Euclide montra de son côté comment la seule hypothèse de l’égalité entre l’angle d’incidence et l’angle de réfraction suffisait à sauver les phénomènes que présentent les miroirs plans, concaves ou convexes.

Ainsi, deux siècles avant notre ère, l’Astronomie, la Science de l’équilibre des poids, une partie de l’Optique avaient pris la forme de théories mathématiques précises, désireuses de satisfaire aux exigences du contrôle expérimental ; beaucoup de parties de la Physique n’ont, à leur tour, revêtu cette forme qu’après de longs siècles de tâtonnements ; mais, pour le faire, elles n’ont eu qu’à suivre la méthode par laquelle les premières étaient parvenues à l’état de théories rationnelles.

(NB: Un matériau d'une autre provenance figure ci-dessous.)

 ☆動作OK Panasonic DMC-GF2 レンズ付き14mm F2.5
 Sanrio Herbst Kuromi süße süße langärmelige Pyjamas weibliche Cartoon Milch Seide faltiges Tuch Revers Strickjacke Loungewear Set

L’attribution du titre de créateur de la méthode des sciences physiques a donné lieu à bien des querelles ; les uns ont voulu le donner à Galilée, les autres à Descartes, d’autres encore à François Bacon, qui est mort sans avoir jamais rien compris à cette méthode. En vérité, la méthode des sciences physiques a été définie par Platon et par les Pythagoriciens de son temps avec une netteté, une précision qui n’ont pas été surpassées ; elle a été appliquée pour la première fois par Eudoxe lorsqu’il a tenté, en combinant des rotations de sphères homocentriques, de sauver les mouvements apparents des astres.